_What you will do_:
Would you output the lines from the one containing "pink trillium photograph by daniel linton pink" through the final line of the entries, exactly and with pictures omitted?

[Short text fragments from websites]

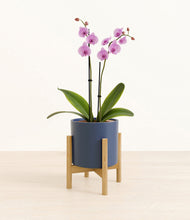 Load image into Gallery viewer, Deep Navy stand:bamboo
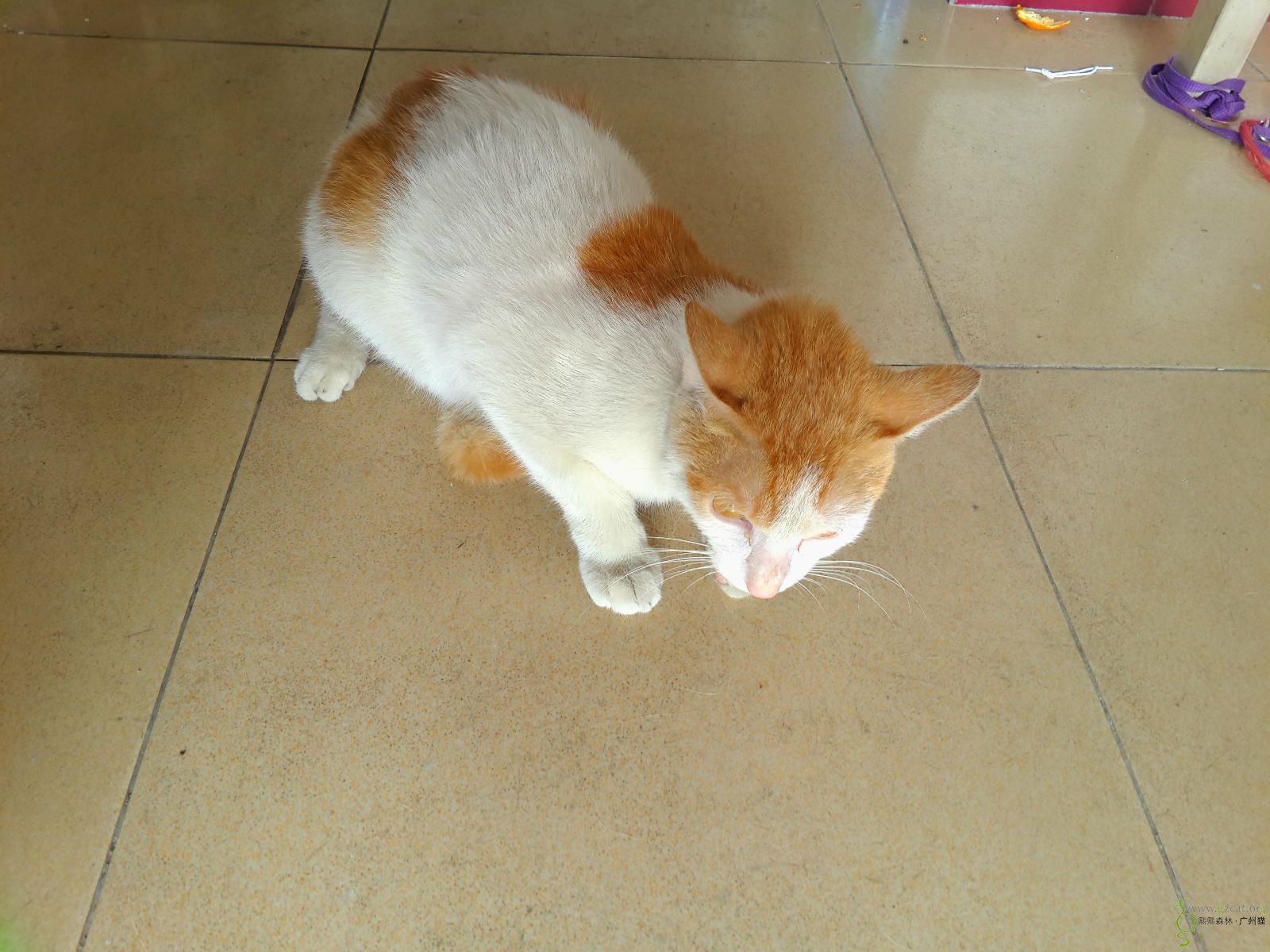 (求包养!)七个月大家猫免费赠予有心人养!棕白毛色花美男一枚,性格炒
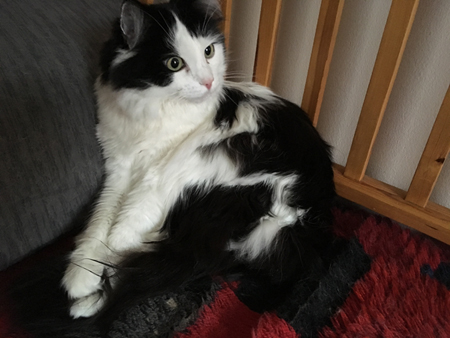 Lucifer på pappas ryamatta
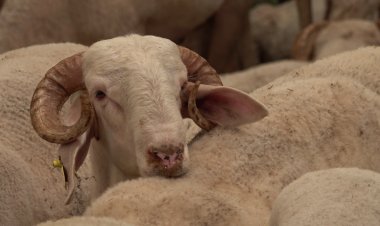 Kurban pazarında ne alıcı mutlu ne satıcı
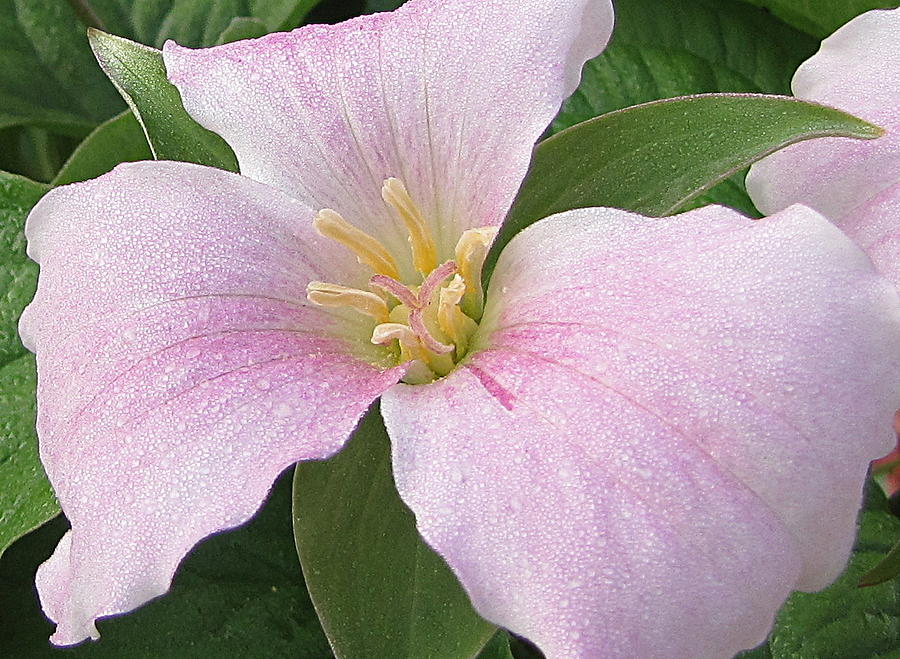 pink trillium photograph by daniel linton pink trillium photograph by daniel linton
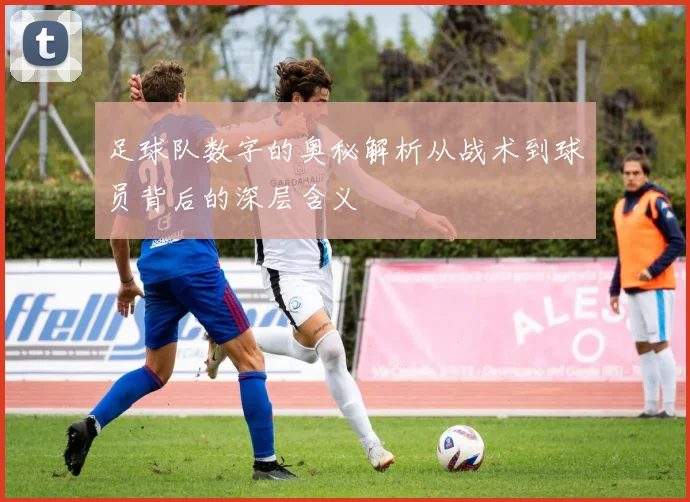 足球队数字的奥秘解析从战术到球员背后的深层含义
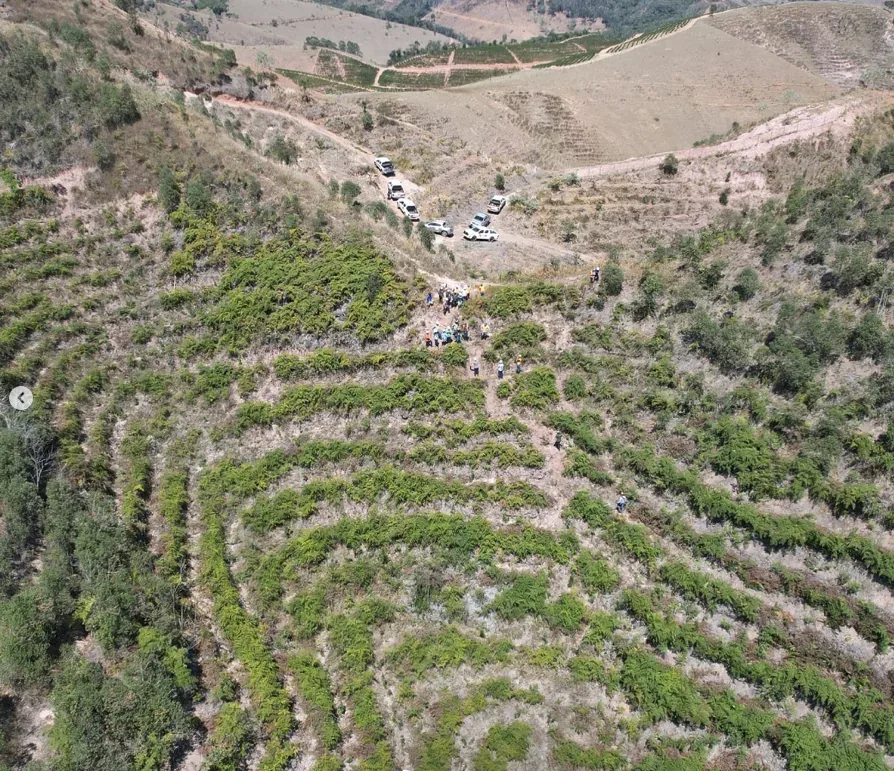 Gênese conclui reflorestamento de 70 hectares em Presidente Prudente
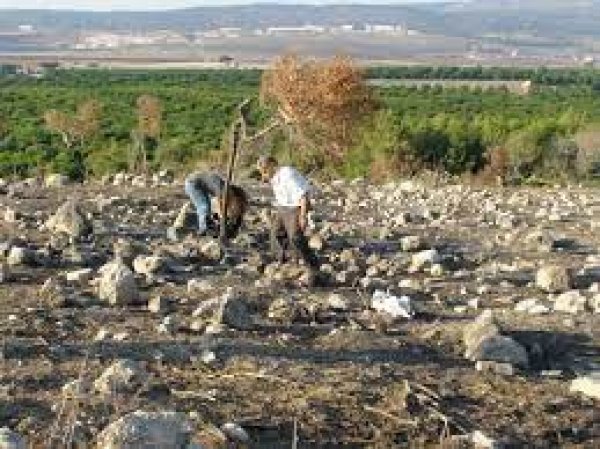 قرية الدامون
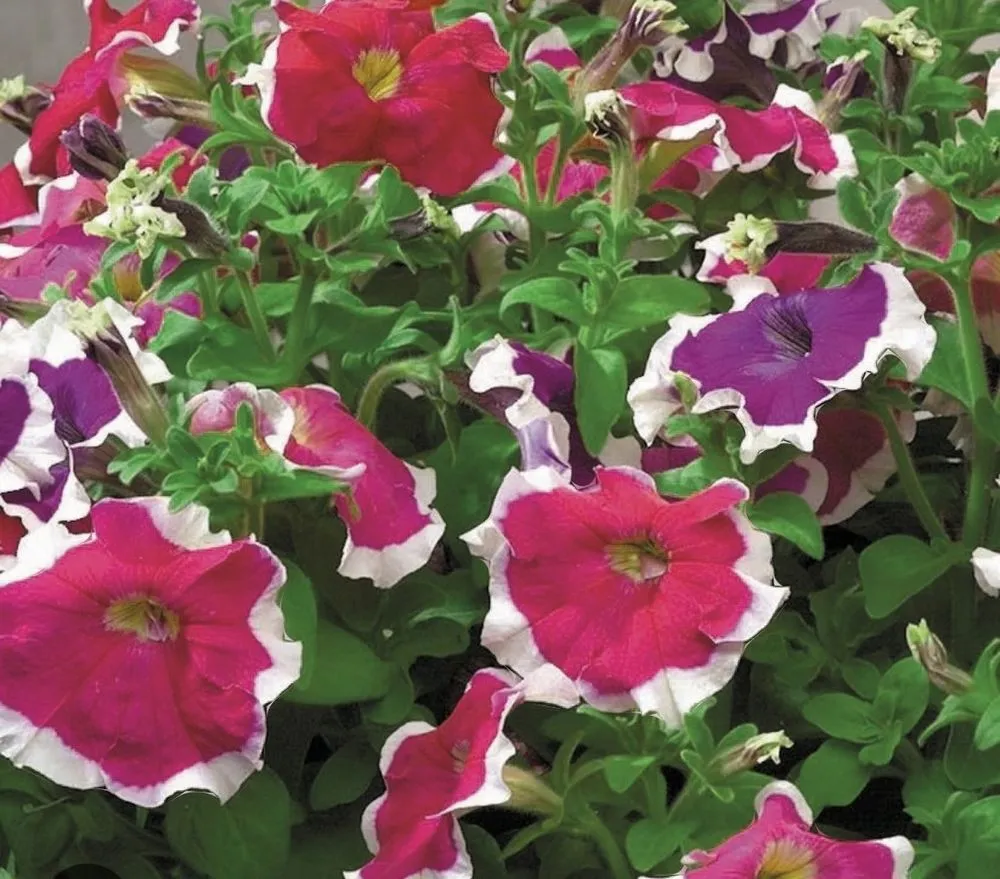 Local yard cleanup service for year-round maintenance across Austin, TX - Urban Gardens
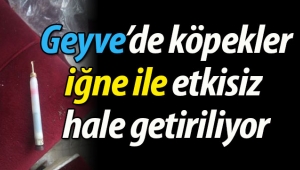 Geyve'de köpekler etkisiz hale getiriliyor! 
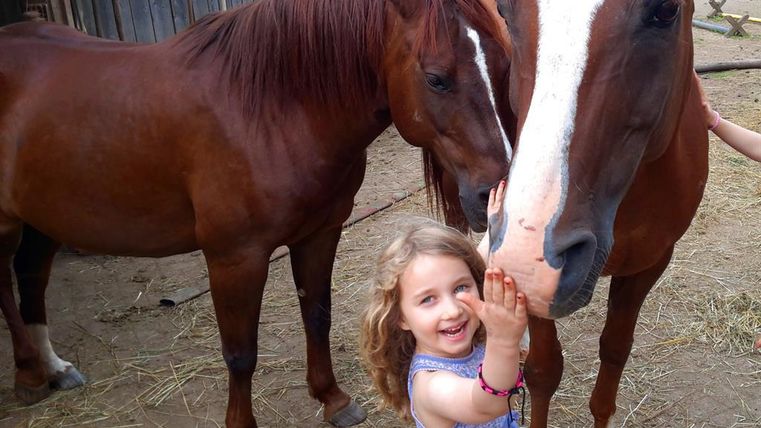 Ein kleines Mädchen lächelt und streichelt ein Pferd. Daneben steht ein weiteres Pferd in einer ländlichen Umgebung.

_Task output_:
 pink trillium photograph by daniel linton pink trillium photograph by daniel linton
 足球队数字的奥秘解析从战术到球员背后的深层含义
 Gênese conclui reflorestamento de 70 hectares em Presidente Prudente
 قرية الدامون
 Local yard cleanup service for year-round maintenance across Austin, TX - Urban Gardens
 Geyve'de köpekler etkisiz hale getiriliyor! 
 Ein kleines Mädchen lächelt und streichelt ein Pferd. Daneben steht ein weiteres Pferd in einer ländlichen Umgebung.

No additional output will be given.